(Task requirements):
Out of the material that follows, write out exactly the lines from the line with "Image for Off" to the line with "Chien basset des alpes", both ends included, and no others.
** Provided material follows **
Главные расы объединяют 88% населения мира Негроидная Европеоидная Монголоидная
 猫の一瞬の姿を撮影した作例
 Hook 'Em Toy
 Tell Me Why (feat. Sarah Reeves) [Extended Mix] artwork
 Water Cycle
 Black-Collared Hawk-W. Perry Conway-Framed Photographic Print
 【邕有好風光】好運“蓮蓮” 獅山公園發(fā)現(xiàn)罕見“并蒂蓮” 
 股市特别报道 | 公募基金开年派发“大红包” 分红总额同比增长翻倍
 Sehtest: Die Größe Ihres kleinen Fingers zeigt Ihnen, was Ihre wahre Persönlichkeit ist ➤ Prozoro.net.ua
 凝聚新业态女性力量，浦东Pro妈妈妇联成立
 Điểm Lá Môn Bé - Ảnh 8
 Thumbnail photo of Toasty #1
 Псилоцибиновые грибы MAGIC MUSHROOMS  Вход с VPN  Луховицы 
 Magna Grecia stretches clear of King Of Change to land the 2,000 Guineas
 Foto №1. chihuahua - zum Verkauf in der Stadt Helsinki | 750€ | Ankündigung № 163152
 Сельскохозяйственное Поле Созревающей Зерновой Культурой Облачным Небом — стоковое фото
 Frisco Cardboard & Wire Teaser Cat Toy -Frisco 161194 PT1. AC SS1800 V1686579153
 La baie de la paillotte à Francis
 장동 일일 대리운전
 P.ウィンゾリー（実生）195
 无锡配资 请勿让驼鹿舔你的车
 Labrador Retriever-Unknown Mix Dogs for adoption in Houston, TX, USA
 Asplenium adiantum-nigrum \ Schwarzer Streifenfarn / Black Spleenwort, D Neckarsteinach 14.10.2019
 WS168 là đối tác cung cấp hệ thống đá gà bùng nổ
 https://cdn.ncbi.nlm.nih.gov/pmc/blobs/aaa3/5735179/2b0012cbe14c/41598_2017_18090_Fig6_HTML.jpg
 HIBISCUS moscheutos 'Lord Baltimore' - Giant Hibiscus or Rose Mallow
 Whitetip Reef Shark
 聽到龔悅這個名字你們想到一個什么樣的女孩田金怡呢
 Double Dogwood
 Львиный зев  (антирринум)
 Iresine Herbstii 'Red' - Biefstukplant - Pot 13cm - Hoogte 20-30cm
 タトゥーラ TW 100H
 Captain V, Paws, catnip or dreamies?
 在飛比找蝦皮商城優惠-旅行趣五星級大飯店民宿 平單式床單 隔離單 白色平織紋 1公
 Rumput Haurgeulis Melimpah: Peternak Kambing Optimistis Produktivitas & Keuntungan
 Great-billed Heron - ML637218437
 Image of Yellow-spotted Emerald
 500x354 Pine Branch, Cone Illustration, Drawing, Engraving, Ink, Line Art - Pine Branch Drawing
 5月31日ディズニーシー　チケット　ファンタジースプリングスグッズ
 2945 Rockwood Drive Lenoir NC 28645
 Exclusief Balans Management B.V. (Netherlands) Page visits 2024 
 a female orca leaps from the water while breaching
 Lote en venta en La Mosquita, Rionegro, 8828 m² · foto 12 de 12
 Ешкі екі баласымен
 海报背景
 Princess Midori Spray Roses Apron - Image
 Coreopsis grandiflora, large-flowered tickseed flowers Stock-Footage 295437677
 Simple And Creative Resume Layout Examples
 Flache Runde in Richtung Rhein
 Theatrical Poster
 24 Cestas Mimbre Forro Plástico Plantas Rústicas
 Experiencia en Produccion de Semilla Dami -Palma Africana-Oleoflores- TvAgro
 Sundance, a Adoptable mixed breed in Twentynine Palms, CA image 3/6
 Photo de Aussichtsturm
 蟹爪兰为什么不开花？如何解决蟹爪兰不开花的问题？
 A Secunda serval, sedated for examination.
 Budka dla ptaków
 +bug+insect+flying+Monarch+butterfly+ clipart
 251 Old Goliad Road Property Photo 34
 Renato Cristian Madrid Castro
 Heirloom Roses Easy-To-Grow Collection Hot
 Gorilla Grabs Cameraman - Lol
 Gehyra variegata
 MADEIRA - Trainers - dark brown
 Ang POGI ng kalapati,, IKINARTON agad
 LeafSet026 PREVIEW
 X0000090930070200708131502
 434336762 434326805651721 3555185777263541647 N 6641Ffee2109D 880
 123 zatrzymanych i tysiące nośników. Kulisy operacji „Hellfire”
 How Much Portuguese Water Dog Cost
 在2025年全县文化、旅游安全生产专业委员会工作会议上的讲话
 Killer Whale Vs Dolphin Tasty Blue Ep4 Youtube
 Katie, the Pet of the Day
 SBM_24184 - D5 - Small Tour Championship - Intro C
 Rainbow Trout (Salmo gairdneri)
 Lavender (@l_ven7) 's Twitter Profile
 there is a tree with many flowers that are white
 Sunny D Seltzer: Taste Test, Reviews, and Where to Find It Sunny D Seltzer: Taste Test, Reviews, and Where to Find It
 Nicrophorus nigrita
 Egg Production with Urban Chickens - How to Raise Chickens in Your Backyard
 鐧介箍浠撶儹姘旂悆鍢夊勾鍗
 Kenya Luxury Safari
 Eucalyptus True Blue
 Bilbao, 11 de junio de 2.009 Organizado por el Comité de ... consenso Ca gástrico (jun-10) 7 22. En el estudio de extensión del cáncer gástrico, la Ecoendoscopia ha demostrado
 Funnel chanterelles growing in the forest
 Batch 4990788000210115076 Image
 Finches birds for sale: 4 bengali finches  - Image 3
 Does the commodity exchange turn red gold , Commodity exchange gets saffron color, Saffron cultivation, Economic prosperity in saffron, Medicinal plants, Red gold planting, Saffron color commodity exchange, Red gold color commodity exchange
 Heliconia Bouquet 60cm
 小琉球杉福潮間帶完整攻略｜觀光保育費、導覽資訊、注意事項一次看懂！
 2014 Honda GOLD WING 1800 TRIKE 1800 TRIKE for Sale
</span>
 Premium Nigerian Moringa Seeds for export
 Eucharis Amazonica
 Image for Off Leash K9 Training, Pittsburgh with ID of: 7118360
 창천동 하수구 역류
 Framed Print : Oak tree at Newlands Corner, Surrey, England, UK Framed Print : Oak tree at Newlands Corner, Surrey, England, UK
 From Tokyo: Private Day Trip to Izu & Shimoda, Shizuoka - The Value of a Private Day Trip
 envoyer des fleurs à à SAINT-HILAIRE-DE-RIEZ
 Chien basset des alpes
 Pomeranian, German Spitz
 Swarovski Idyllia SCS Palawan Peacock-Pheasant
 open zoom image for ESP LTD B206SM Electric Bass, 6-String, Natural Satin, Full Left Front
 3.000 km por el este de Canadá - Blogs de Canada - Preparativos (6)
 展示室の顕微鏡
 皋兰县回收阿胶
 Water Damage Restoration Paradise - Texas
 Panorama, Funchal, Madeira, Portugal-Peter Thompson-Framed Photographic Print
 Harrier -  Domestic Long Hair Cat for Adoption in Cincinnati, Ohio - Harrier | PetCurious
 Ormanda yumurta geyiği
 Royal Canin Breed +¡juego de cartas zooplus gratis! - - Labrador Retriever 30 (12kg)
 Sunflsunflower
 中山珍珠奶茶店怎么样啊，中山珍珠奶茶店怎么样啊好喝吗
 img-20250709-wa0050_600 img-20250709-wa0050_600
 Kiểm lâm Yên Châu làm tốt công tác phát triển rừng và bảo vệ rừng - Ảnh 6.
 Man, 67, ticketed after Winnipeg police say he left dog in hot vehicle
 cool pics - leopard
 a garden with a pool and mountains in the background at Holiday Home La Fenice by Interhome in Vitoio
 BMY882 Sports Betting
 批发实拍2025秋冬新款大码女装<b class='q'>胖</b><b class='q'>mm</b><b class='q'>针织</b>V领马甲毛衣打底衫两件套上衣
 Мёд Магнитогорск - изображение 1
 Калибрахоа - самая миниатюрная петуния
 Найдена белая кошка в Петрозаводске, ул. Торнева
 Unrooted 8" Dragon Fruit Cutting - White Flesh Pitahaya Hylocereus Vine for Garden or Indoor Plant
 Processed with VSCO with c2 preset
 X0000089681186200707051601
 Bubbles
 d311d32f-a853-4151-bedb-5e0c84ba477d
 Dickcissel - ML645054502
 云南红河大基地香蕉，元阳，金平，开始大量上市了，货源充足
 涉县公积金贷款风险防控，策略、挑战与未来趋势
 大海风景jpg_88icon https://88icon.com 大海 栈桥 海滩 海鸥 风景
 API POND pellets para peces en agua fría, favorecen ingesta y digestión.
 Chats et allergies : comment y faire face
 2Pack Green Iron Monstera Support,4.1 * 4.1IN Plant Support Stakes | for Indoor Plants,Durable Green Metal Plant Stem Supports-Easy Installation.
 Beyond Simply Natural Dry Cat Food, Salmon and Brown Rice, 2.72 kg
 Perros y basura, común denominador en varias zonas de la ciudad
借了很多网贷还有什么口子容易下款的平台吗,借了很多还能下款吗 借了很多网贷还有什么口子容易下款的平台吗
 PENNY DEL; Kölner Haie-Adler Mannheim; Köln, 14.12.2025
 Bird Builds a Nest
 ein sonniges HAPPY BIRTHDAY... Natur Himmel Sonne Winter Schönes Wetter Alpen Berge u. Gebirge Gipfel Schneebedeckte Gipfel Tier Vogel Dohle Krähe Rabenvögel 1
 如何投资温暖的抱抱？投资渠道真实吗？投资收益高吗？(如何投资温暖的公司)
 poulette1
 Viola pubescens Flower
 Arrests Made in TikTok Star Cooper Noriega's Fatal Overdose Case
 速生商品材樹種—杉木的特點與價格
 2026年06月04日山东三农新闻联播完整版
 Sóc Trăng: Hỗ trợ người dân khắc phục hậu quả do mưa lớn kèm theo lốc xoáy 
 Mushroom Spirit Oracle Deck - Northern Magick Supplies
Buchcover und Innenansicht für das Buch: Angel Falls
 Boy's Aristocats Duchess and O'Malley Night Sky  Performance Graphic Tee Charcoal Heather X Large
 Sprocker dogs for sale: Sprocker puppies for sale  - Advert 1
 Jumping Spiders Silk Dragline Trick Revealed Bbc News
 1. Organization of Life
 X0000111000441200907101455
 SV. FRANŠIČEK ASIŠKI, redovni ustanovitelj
** End of Provided material **
(Result of this exercise):
 Image for Off Leash K9 Training, Pittsburgh with ID of: 7118360
 창천동 하수구 역류
 Framed Print : Oak tree at Newlands Corner, Surrey, England, UK Framed Print : Oak tree at Newlands Corner, Surrey, England, UK
 From Tokyo: Private Day Trip to Izu & Shimoda, Shizuoka - The Value of a Private Day Trip
 envoyer des fleurs à à SAINT-HILAIRE-DE-RIEZ
 Chien basset des alpes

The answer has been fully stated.